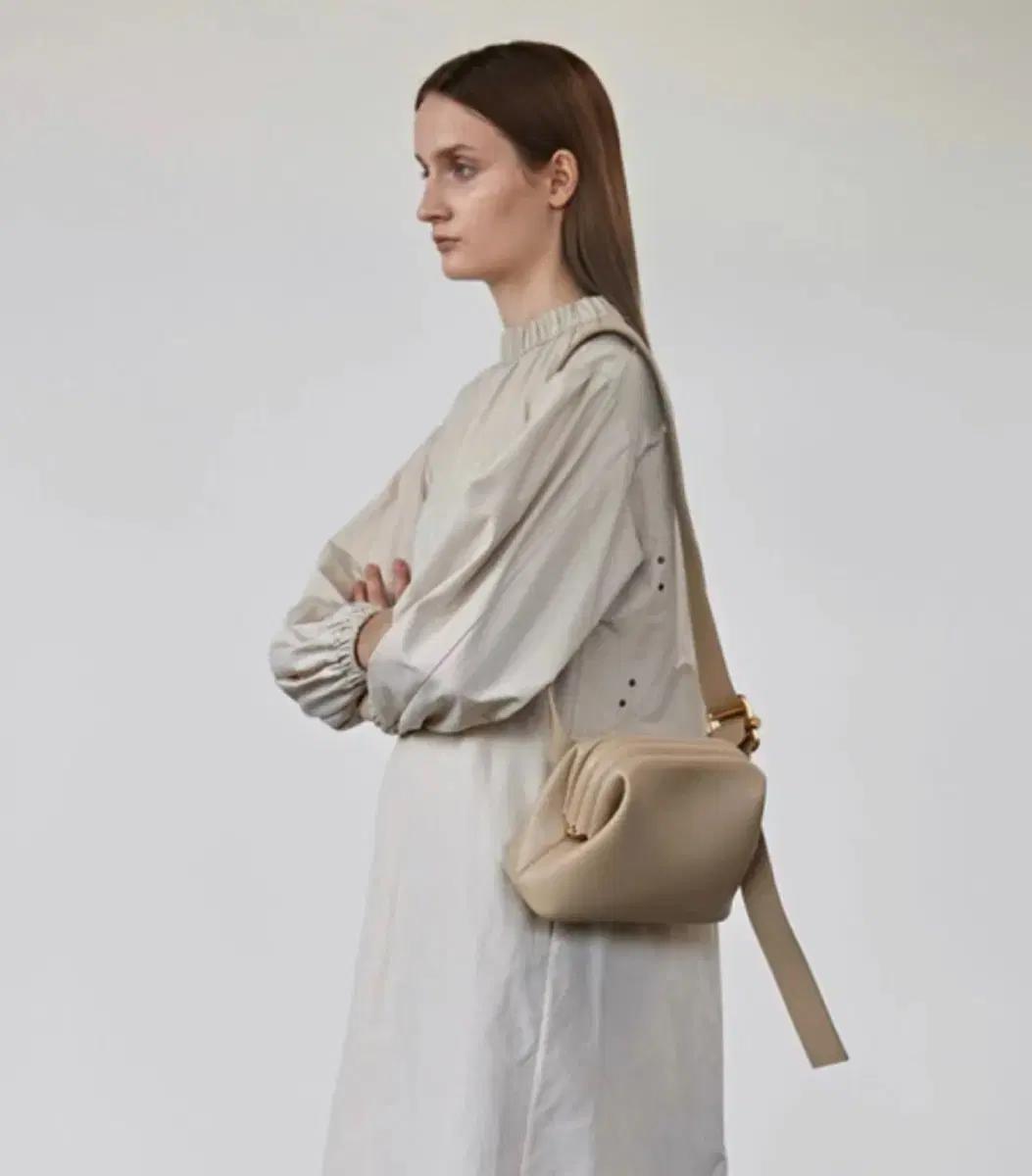 OSOI 오소이 미니 브롯 (베이지)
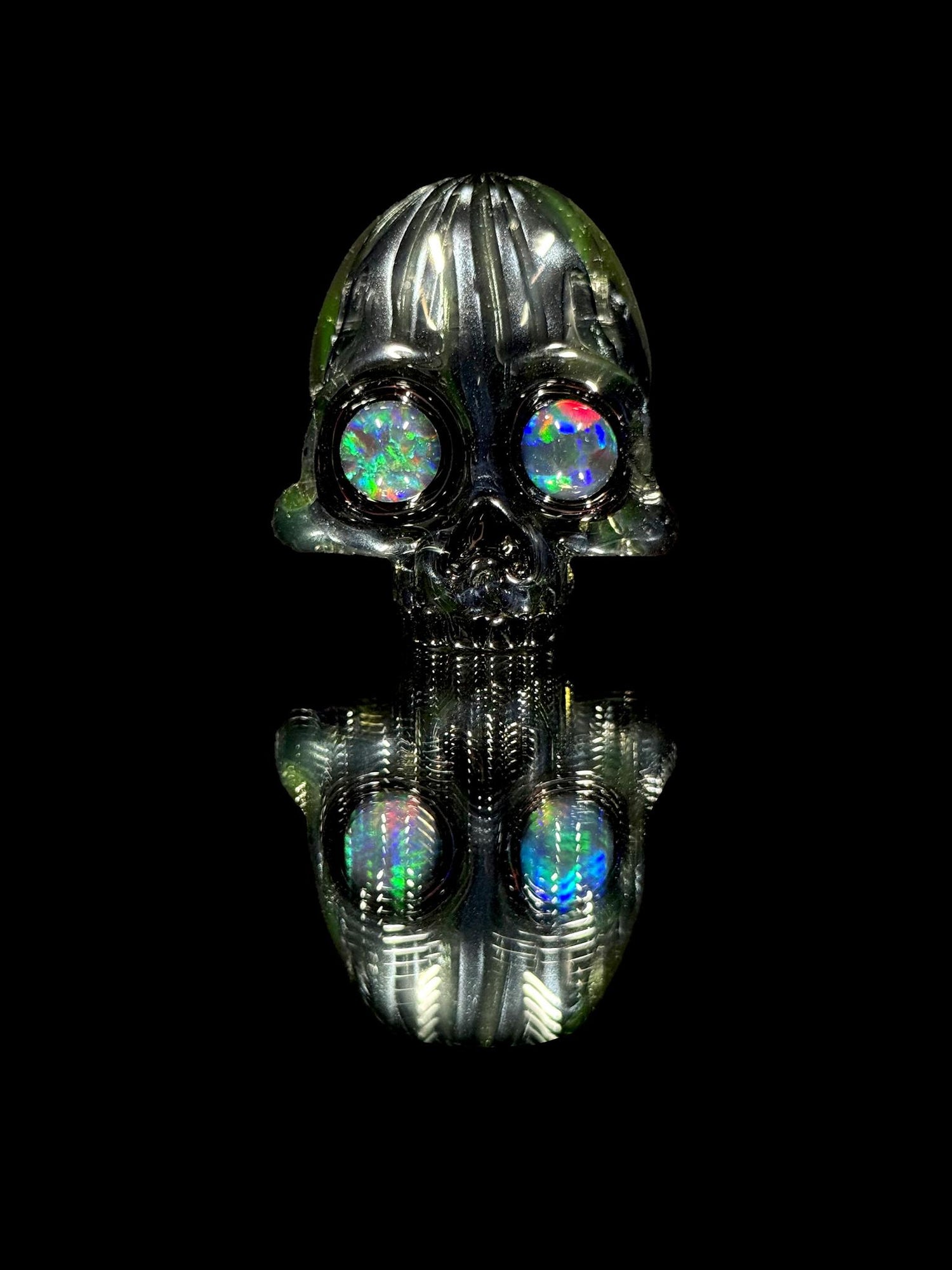 AKM Uv Skull Pendant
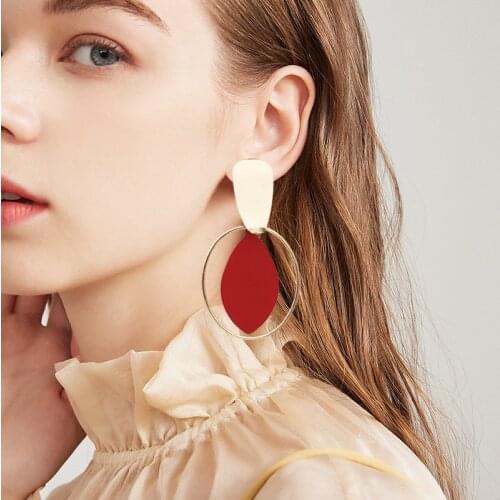 European Exaggerated Big Oval Leaf Drop Earring for Women Red Color Spray Sequins Metal Party Wedding Jewelry Vintage Pendientes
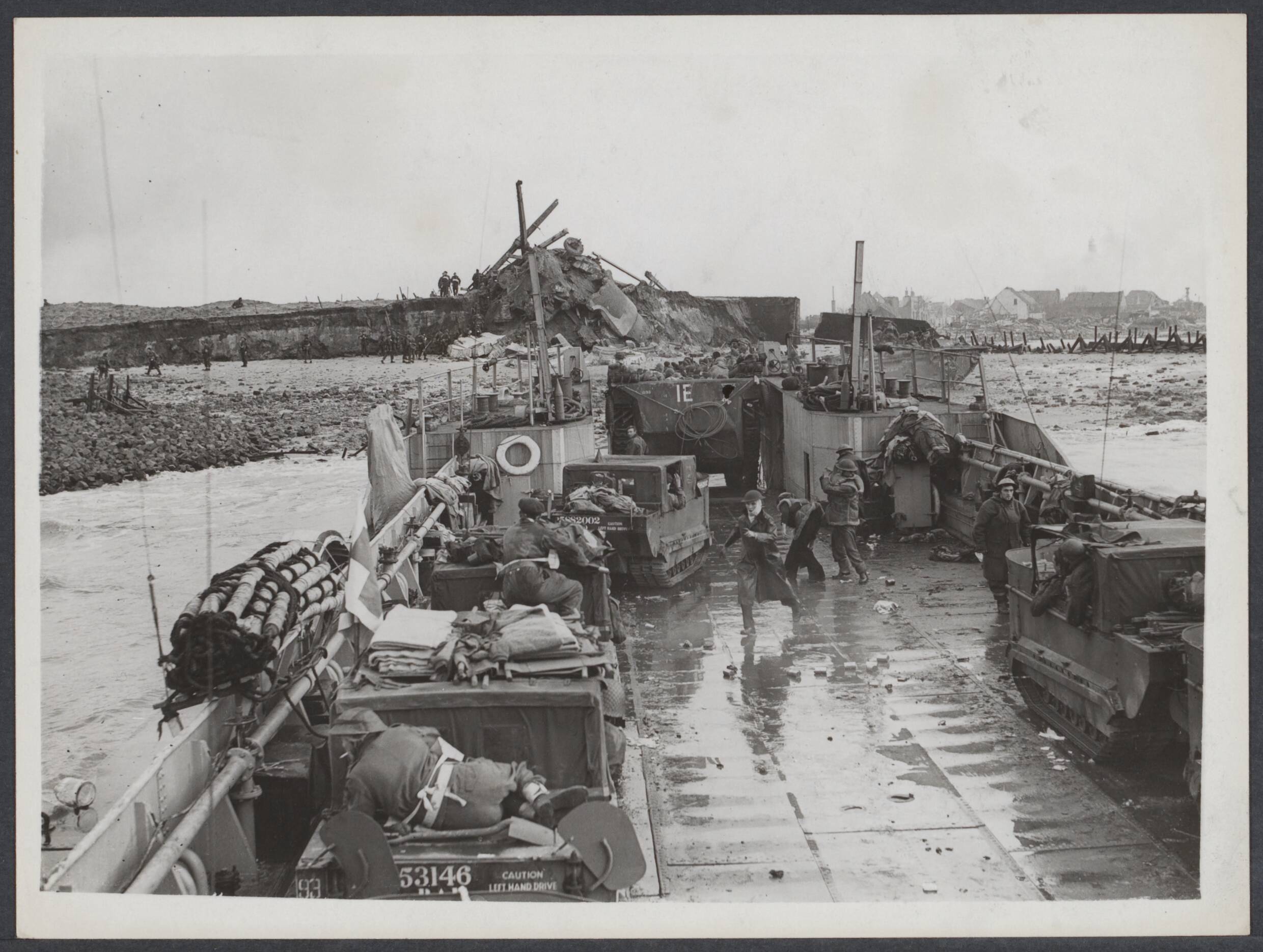 Westkapelle. Raid op de wijk van - 1944 — British Marine Commandos land on Walcheren at Westkapelle. The scene at the beach-head as Royal Marine Commandos drive their amphbious fighting vehicles ashore from the landing craft — Foto: British Admiralty. Licentie: Set B: Rechtenvrij / Publiek Domein. Bron: Nationaal Archief. http://hdl.handle.net/10648/dbccf053-64e7-e249-0137-2ee93eb6bc9a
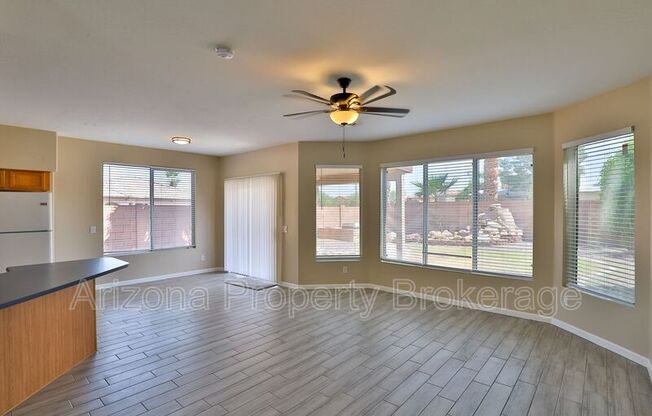 17437 N 16 PL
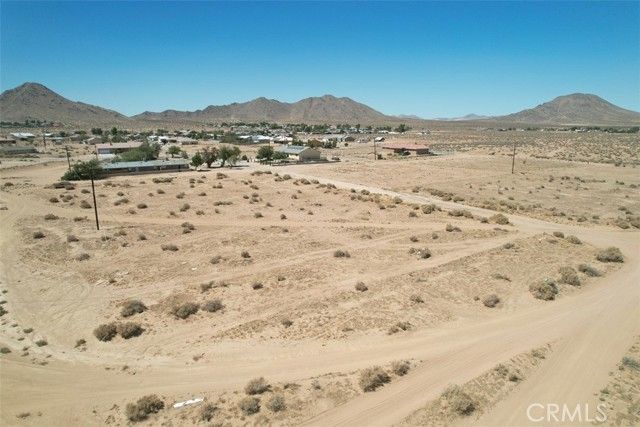 23 Wigwam Road, Apple Valley, CA 92307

+ + +

Exercise prompt: Without copying any picture, write out all of the material exactly as it reads.

Expected output:
 OSOI 오소이 미니 브롯 (베이지)
 AKM Uv Skull Pendant
 European Exaggerated Big Oval Leaf Drop Earring for Women Red Color Spray Sequins Metal Party Wedding Jewelry Vintage Pendientes
 Westkapelle. Raid op de wijk van - 1944 — British Marine Commandos land on Walcheren at Westkapelle. The scene at the beach-head as Royal Marine Commandos drive their amphbious fighting vehicles ashore from the landing craft — Foto: British Admiralty. Licentie: Set B: Rechtenvrij / Publiek Domein. Bron: Nationaal Archief. http://hdl.handle.net/10648/dbccf053-64e7-e249-0137-2ee93eb6bc9a
 17437 N 16 PL
 23 Wigwam Road, Apple Valley, CA 92307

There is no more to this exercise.